Discussing Popular Films

It should be funny but it is really quite sad how in the movie 300 the Spartans were sold as the army defending Democratic values and “freedom,” in the modern sense of the term, when it was the most aristocratic, anti-Democratic City State of them all.

The nobility of the Spartans, the masculine ethos, was converted, Hollywood style, into the blabbering Athenian rabble.

Some wonder why certain movies are allowed to be made or how certain ideas and themes are permitted to find their way to a vast audience.

The answer is simple: to a system using more insidious methods of mass control, selling the idea that it is for freedom, free-speech, and individual choices, calling itself “open,” this public airing is part of its living-up to its own theoretical principles.
But it is also a way of immunizing a more literate, educated public, with access to information unprecedented in any previous period of human history, to certain ideals and ideas.
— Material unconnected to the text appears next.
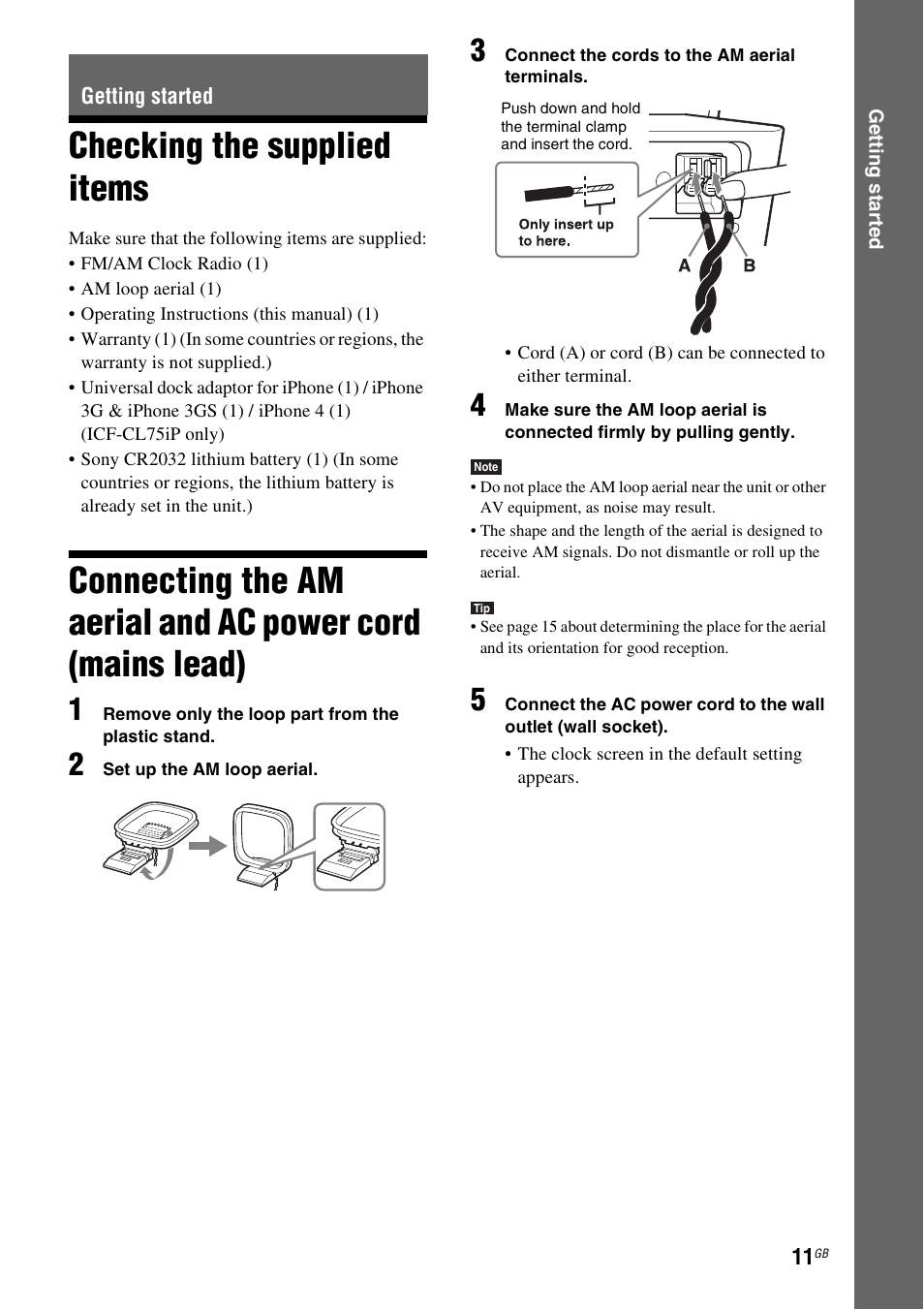 Getting started, Checking the supplied items, Ac power cord (mains lead) | Sony ICF-CL75IP User Manual | Page 11 / 32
It is inevitable that in an information age censorship will only result in closer scrutiny, so exposing the public to information in a particular way satisfies this need to know, and it plays into the system’s own pretense.
Some threatening concept may be permitted to enter the psyche of the public, but only by first placing them within moralistic contexts which deface them and smear them.
It is usually from some particularly vile, ugly, degenerate movie character that we come into contact with ideas that cannot be silenced and so must be connected to a particular emotional reaction…and aired out.
The audience will then relive the connected emotion, the sensations they felt when they first came into contact with the idea/l, and they will forever associate it with it.
This is a form of psychological immunization against certain mimetic “contagions.”

The OP is not an ill fit at all with Chomsky’s Manufacturing Consent. Bedfellows and all.